I dated someone who seemed to fit the bill perfectly, if the bill were to read as follows: "Single mom seeks partner who intimately understands autism and knows how to interact with a child with autism". (I wasn't seeking, but that's a whole other story).   He is the sib of a brother with pretty severe autism, now of course a grown adult, and had lived "it" his whole life, until he went off to college and then moved across the country.  But, not necessarily because of my child's autism, I had moments of being illogical, unreasonable, and self-centered in the context of the relationship.  He did, too.  Yet, he met the four criteria I required of a partner: great emotional connection/friendship, great physical connection, shared spiritual values as we had gone to church together for years, and, last but not least, acceptance of my son and his autism, but also acceptance of me as the mother of an autistic boy.  My son loved him.

Yet it is exactly the traits Mother Theresa spoke about which still, years later and not proudly on my part, at least, leave both of us bitter, angry, and still emotionally involved.  I mean that in the sense that I know he still checks up on me, reading my blog, trying to "one-up" me by making claims that aren't true, knowing my schedule and rather boring life by asking  mutual friends and acquaintances or, and this is the worst, calling names.  I still have these random moments when I remember something exceptionally good about our time together.  There are the equally random moments where a total stranger calls me asking about him because of events in his current life.  (That's happened no less than three times in the past month alone).  My kids still see his kids around where we live.  We still drive on the same main roads and pass each other.  Yet, because we act illogically, unreasonably, and are self-centered in some ways (including not being able to fully own our own mistakes, that's something I've been able to do, at least, but he hasn't), the relatively brief romantic relationship of one year, which developed after 8 years of friendship, still stings to this day.  We still seem to cause the other enormous amounts of pain.

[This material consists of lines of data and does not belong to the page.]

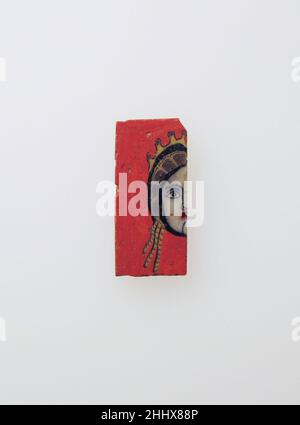 Mosaikglaseinlage 1st. Jahrhundert v. Chr.–1st. Jahrhundert n. Chr. römischer, wahrscheinlich ägyptischer opak streifenroter Boden; Dekoration in opak-weiß, gelb und rot, teilweise durchscheinend violett, schwarz und hellblau, und farbloses Glas. Dünne, rechteckige Plakette, geschnitten aus einem Mosaik-Verbundbalken, mit flacher Front, unebenem Rücken und vertikalen geraden Seiten, mit scharfen Ecken; Das Design erstreckt sich gleichmäßig über die Dicke der Plaque. Richtige rechte Seite des weiblichen Kopfes mit weißem Gesicht, in Purpur umrandet; in Blau umrandet, mit roten Lippen; Haare in Reihen von lila Haarsträhnen, gelb umrandet, mit thr Stockfoto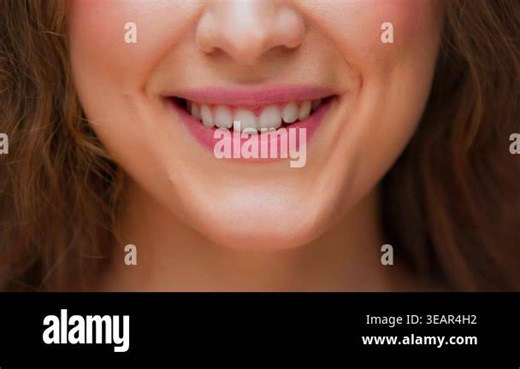Portrait of Young Happy Woman Smiling Carefree on Camera Close Up. Inspiration to Gorgeous Skincare for Glowing Face and Nice Perfect Teeth for Female Person. Good Emotional Mood of Single Adult Girl Stock Video Footage - Alamy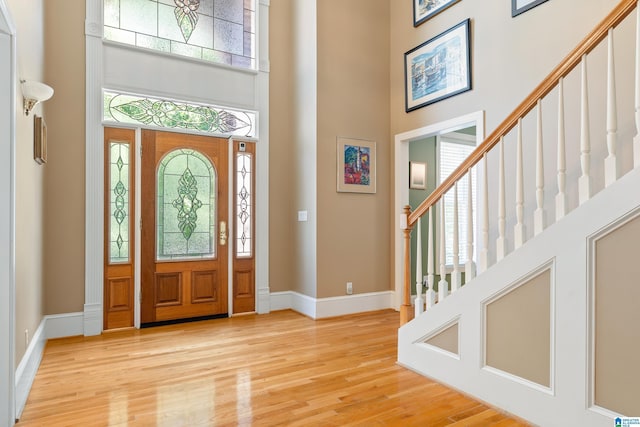 foyer with plenty of natural light, light hardwood / wood-style floors, and a high ceiling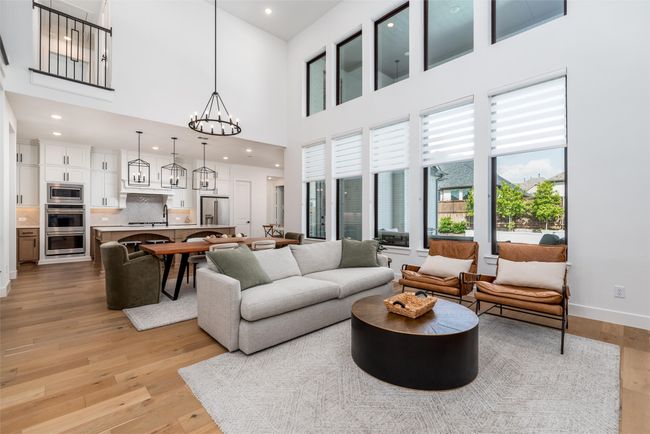 Stunning Family Room open to kitchen and with wall of windows looking onto pool in backyard | Image 10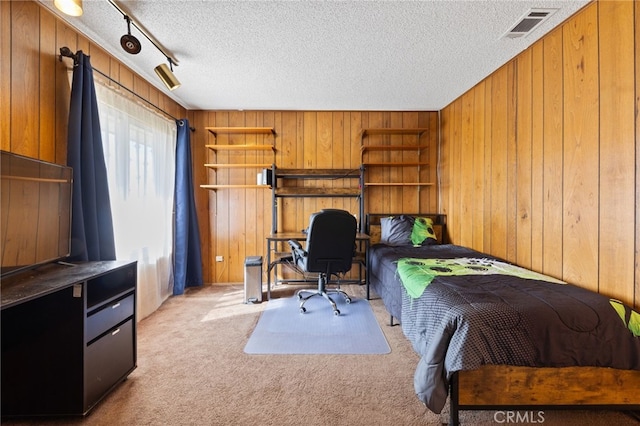 bedroom featuring wooden walls, light colored carpet, track lighting, and a textured ceiling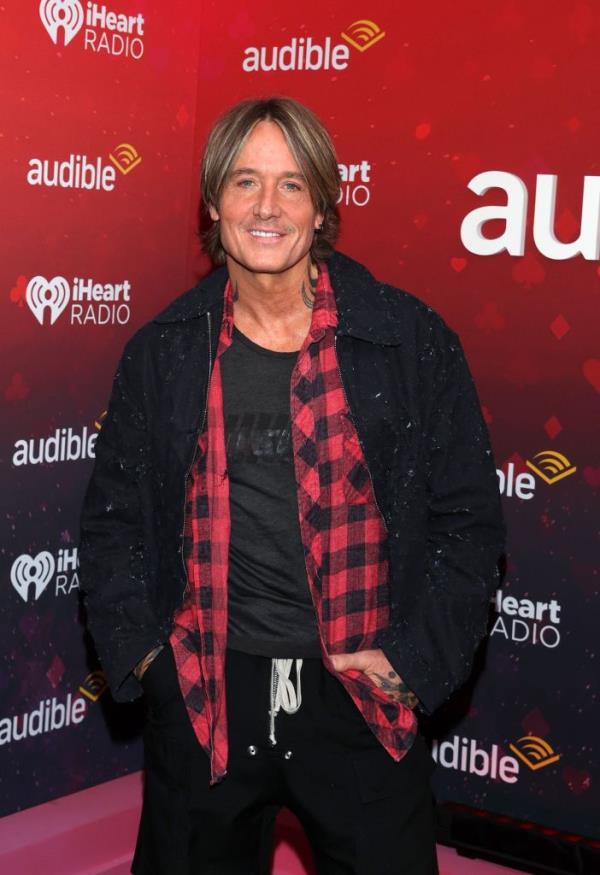 Keith Urban standing in front of a red and black wall at the 2024 iHeartRadio Music Festival in Las Vegas, Nevada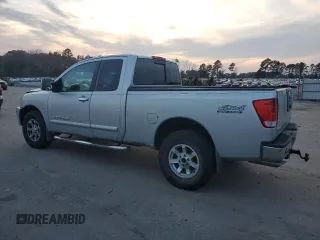 2005 Nissan Titan SE with VIN 1N6BA06B45N539629, listed as a Copart auction lot 82527074 with 154,255 mi miles and Salvage title. Bid and sale history available at DreamBid. Image 2.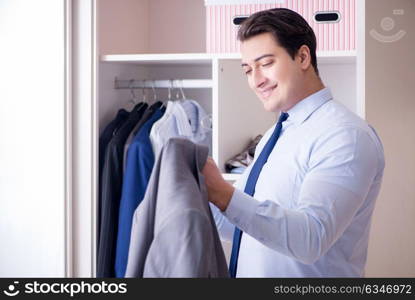 Young man businessman getting dressed for work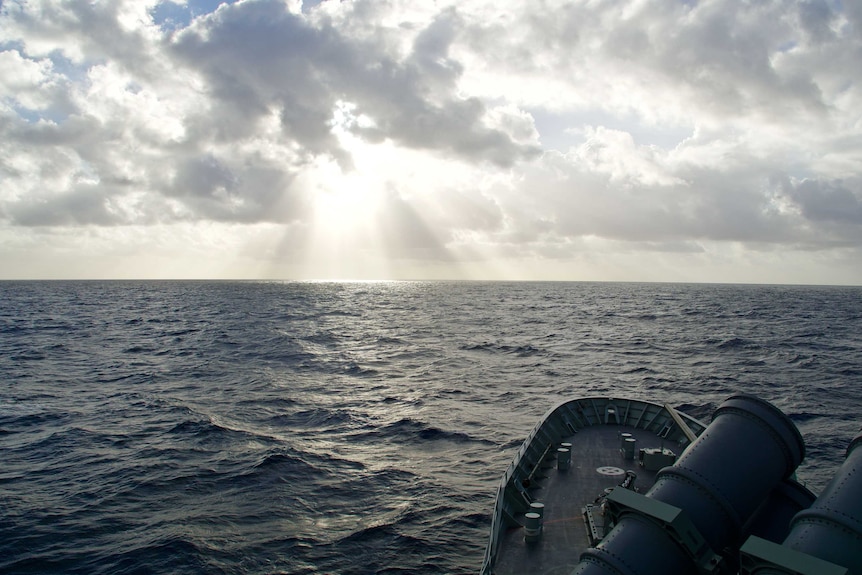 The Sun shines over HMAS Arunta as it patrols the Indian Ocean, on the lookout for drug smugglers.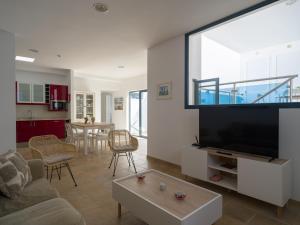 Una sala de estar con un televisor de pantalla plana grande. en La Casa de La Graciosa, en Caleta de Sebo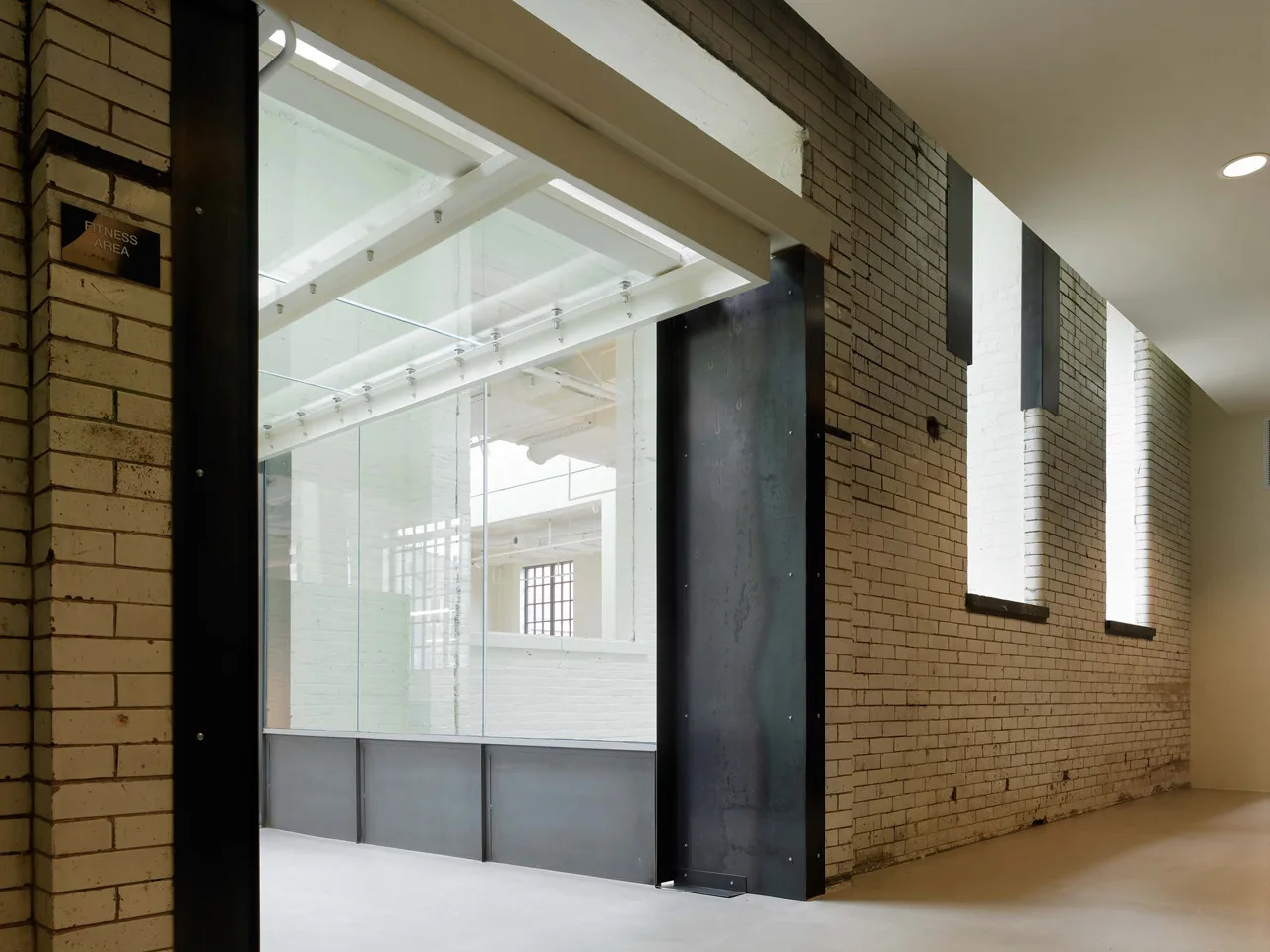 A hallway with painted white brick walls and recessed windows leads past a large glass and black steel partition.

Therefore, in responding to this mom, conflicted about how to date with a little one with autism and wondering where her loyalties should lay, I shared that, for that year, I tried to balance both, the relationship and the autism.  In the end, I failed miserably at both in different ways.  I lost someone who I was very much in love with and who I believe loved me, and I lost my way in advocating for what my son needed, at a time (remember, his parents just split up and he was now trying to figure out why mom had a boyfriend and why dad had a girlfriend and why he had two houses) that was challenging for him.  In the end, my inability to be both the partner I wanted to be, the mom I knew I could be and wanted to continue to be, the stress of raising three spirited girls, and trying to keep us in the only house my kids had ever really known, just broke me and my spirit.

I give huge kudos to those parents of children on the spectrum who have managed to stay married.  I have ginormous respect for those in particular whose marriages have remained strong, loving, and happy.  Of course, there are all of two couples, both friends who moved cross country to the West Coast, who fit this bill of all the autism parents I know well, either personally or through work.  They must have learned along the way to be reasonable, logical, child-centered, and most of all forgiving.  

That Mother Theresa was a pretty smart lady.  It blows me away to know she probably held me in her arms when I was an infant.  I will work on the forgiving piece and can only hope others work on it, too.  But, don't expect to see me on Match.com or Eharmony anytime soon.